In a classic example of the way in which earnest money is used, Party A agrees to buy a house from Party B. The two parties work out the purchase price, and they agree on a contract and sign it together. At the signing, Party A provides some amount of money, which is held by a broker. Once all of the financing and other issues have been dealt with, that money is bundled into the down payment, and Party A takes possession of the house.
From a buyer's point of view, this payment — along with a contract — indicates that he or she really does intend to buy the house. Once a contract has been signed, the seller isn't supposed to sell the house to someone else, but the seller might back out if a better deal comes up, even with the risk of potential penalties. When earnest money is involved, backing out becomes harder. For sellers, the money is a form of insurance, because most people are unwilling to walk away from their payment.
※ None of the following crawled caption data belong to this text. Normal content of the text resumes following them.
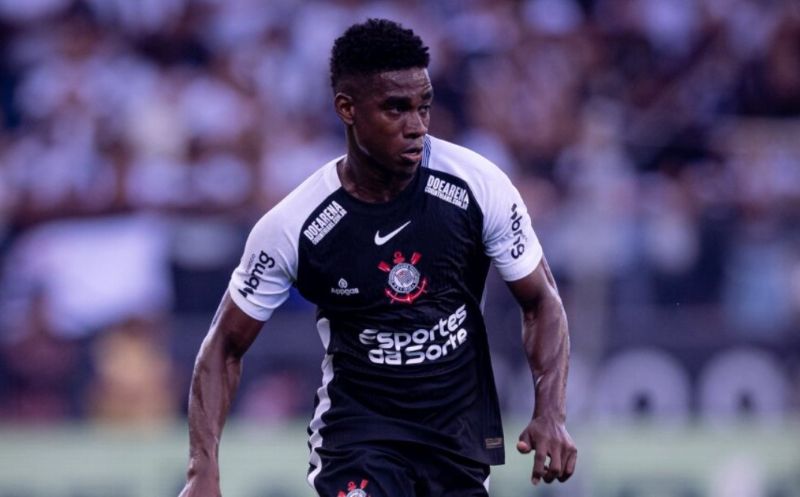 Tài năng và sự nỗ lực của anh truyền cảm hứng cho các cầu thủ trẻ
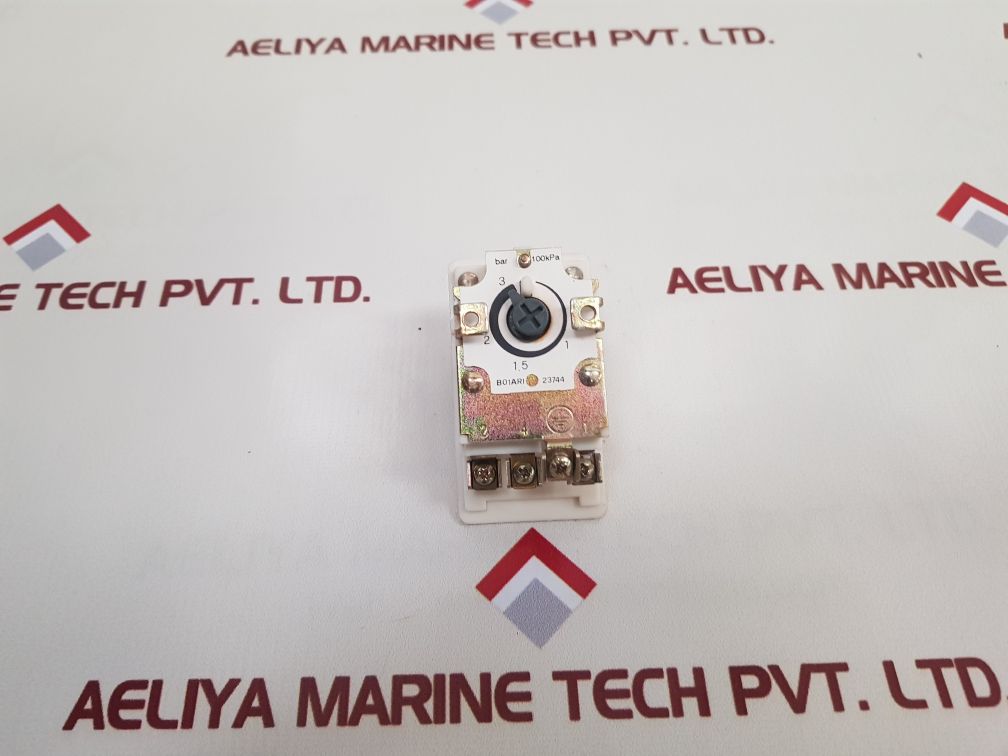 Fantinicosmi B01Ari Pressure Switch With Internal Indicator
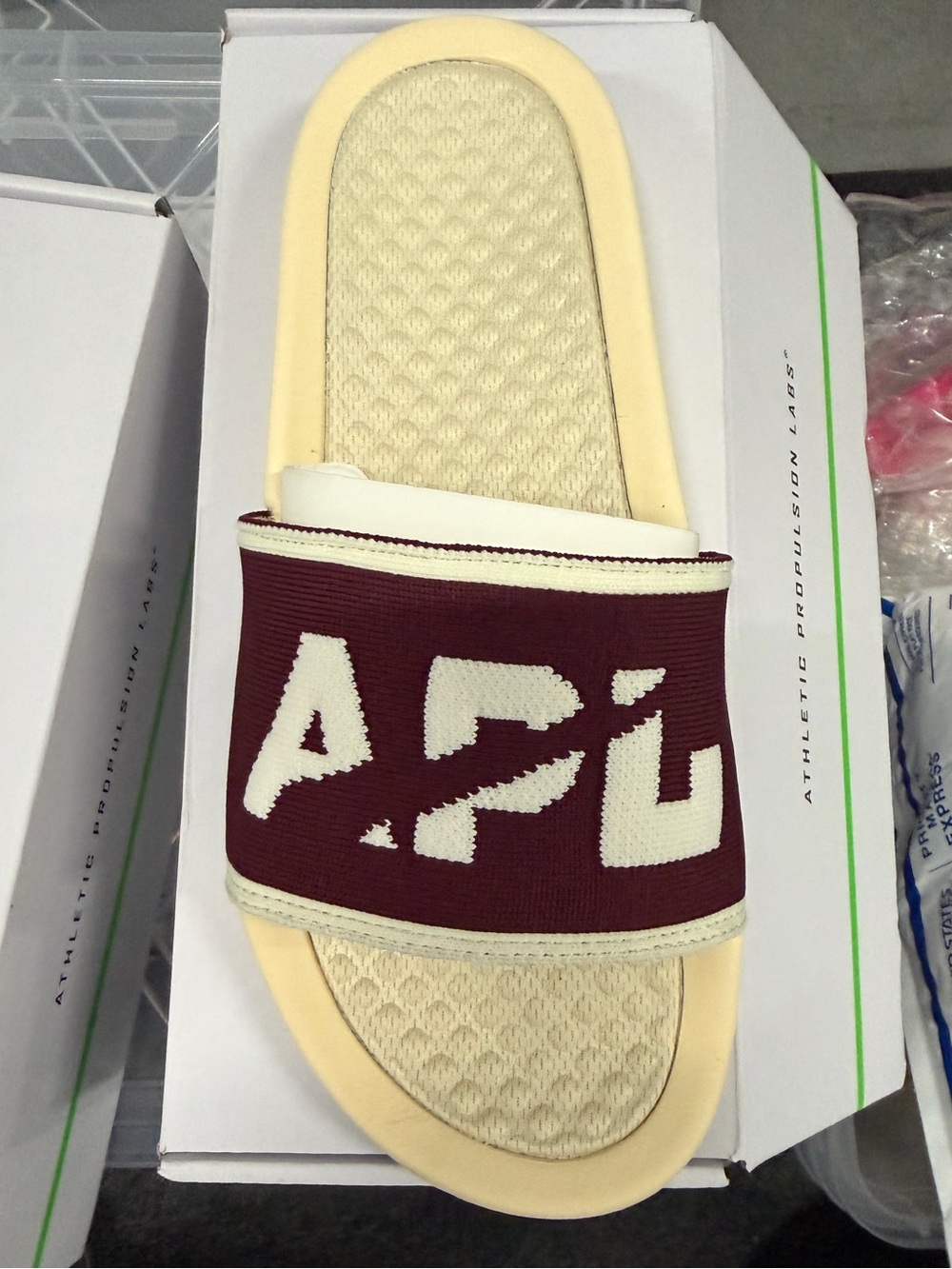 APL TechLoom Velvet Slides Vanilla/Burgundy Size 8 NEW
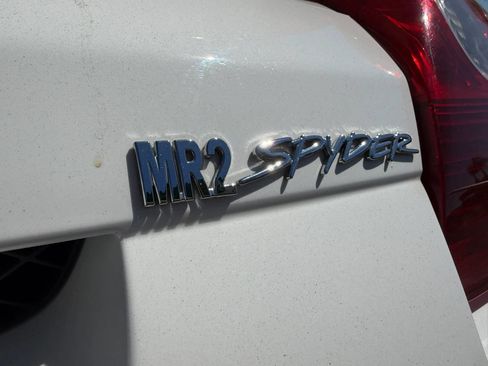 Used 2003 Toyota MR2 RWD image 20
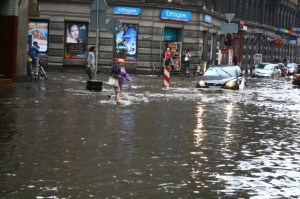 Udens ienak pilseta...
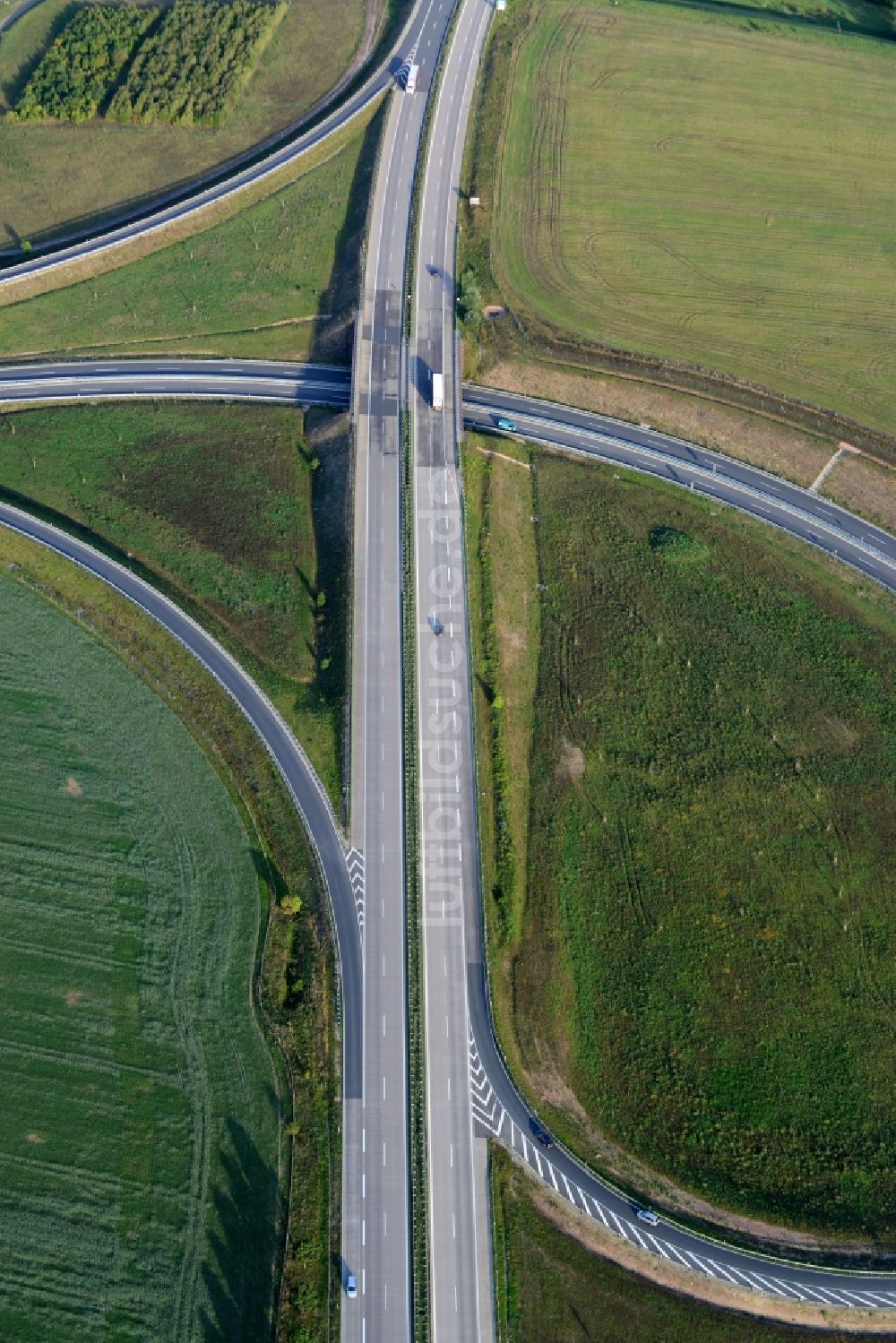 Oberröblingen aus der Vogelperspektive: Verkehrsführung am Autobahnkreuz Autobahndreieck Südharz der BAB A38 und A71 in Oberröblingen im Bundesland Sachsen-Anhalt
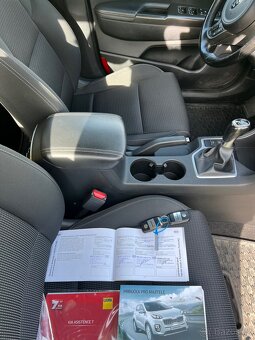 Kia Sportage 1.7 crdi exkluzivní výbava - 15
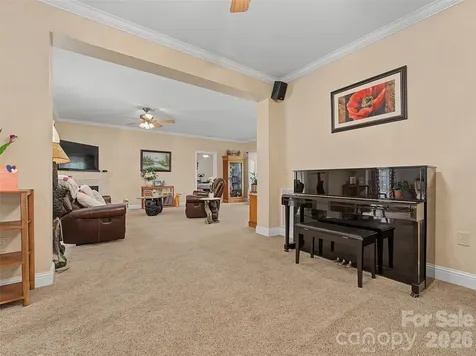 176 Chelsea Nix Lane Hendersonville NC 28792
The value of earnest money associated with a purchase agreement varies. In some communities, people exchange a dollar, or a similarly low unit of currency, as a symbolic act. In other instances, people may be expected to put up 3% of the value of the contract. In all cases, the terms surrounding the money are spelled out in the contract — not just the amount that will be paid, but what will happen to that money if it is paid but the deal subsequently falls through. Buyers, for example, might want a refund clause in the event that they cannot get financing, while sellers may desire a forfeit clause so that if buyers walk away for a petty reason, the seller gets to hold on to that payment as compensation for his or her time.
The money is usually handled by a real estate agent or broker. It's generally unwise to issue it directly to the seller or to an unreliable third party, and real estate agents are usually happy to handle the payments. Buyers and sellers should be aware that money can potentially sit in escrow for a long time if the deal falls apart and the terms of the contract are unclear, and it may take a trip to court to release the money.
In some cultures, earnest money is known as lucky money and, by tradition, the seller gives it back to the buyer when the down payment is provided. The return of the funds is supposed to provide good luck in future endeavors and to foster good will between the buyer and seller.